• **Input data**
BEGIN

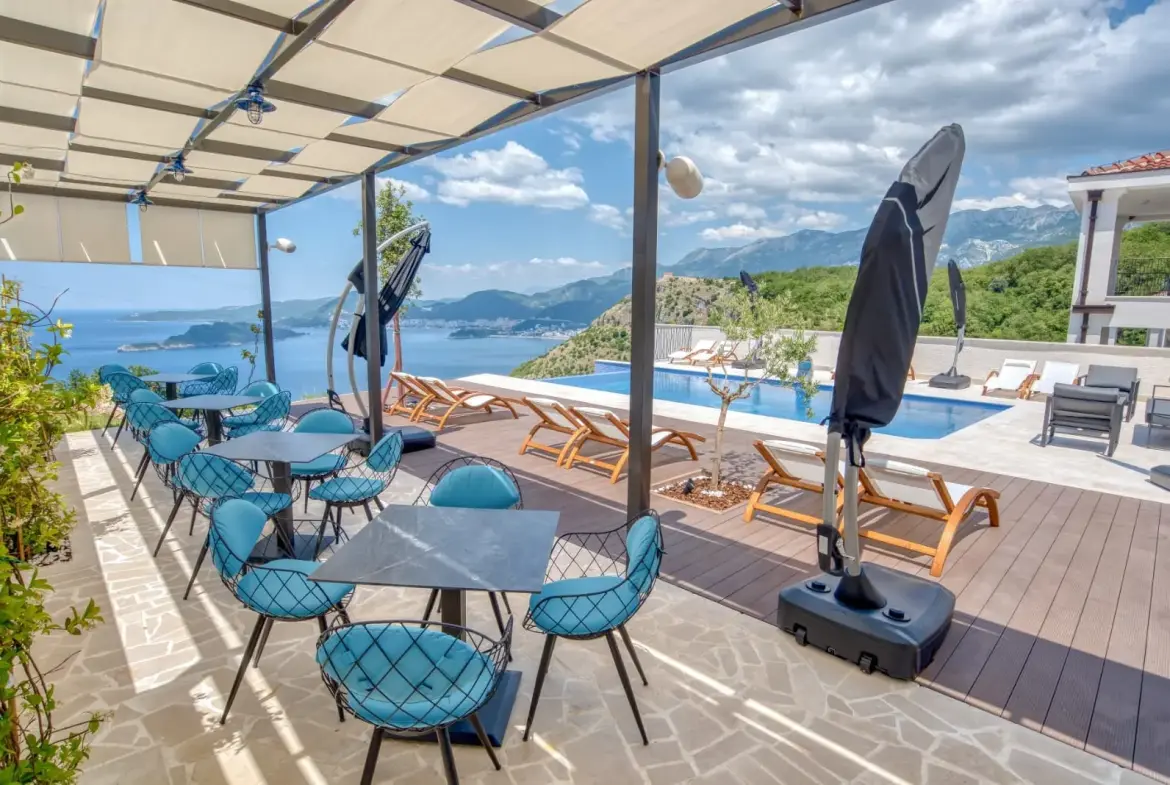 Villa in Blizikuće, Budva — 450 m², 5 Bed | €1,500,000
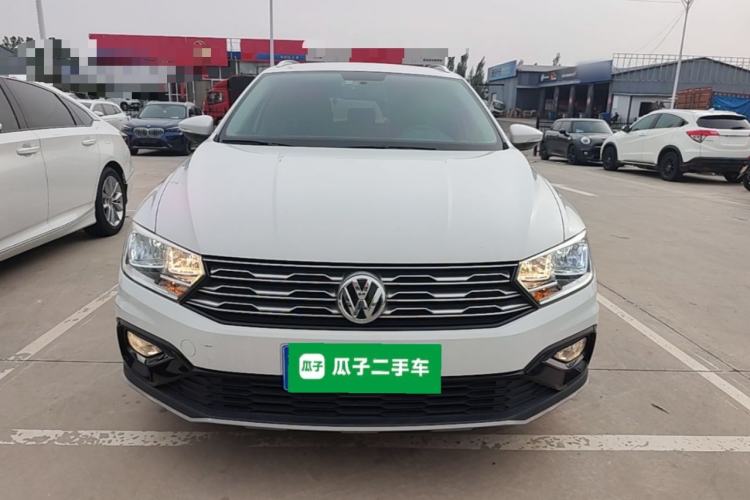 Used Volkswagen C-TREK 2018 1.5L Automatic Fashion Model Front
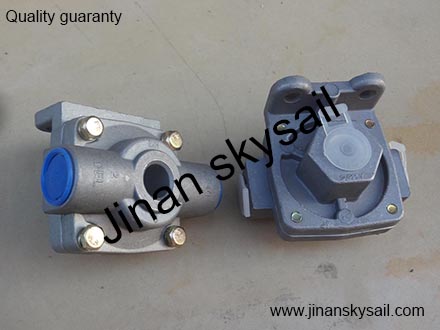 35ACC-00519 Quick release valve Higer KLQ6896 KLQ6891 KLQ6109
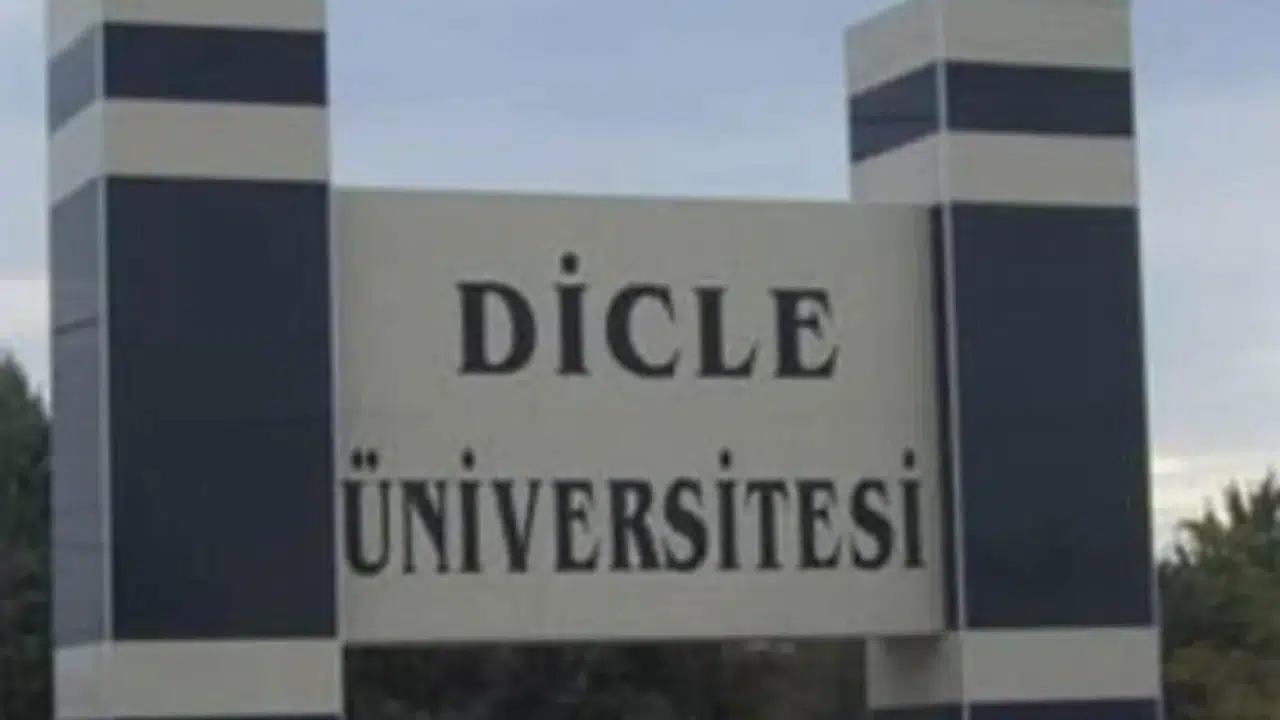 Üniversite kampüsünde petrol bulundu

END

• **Task statement**
The full material above must be output verbatim, minus any pictures.

• **Problem solution**
 Villa in Blizikuće, Budva — 450 m², 5 Bed | €1,500,000
 Used Volkswagen C-TREK 2018 1.5L Automatic Fashion Model Front
 35ACC-00519 Quick release valve Higer KLQ6896 KLQ6891 KLQ6109
 Üniversite kampüsünde petrol bulundu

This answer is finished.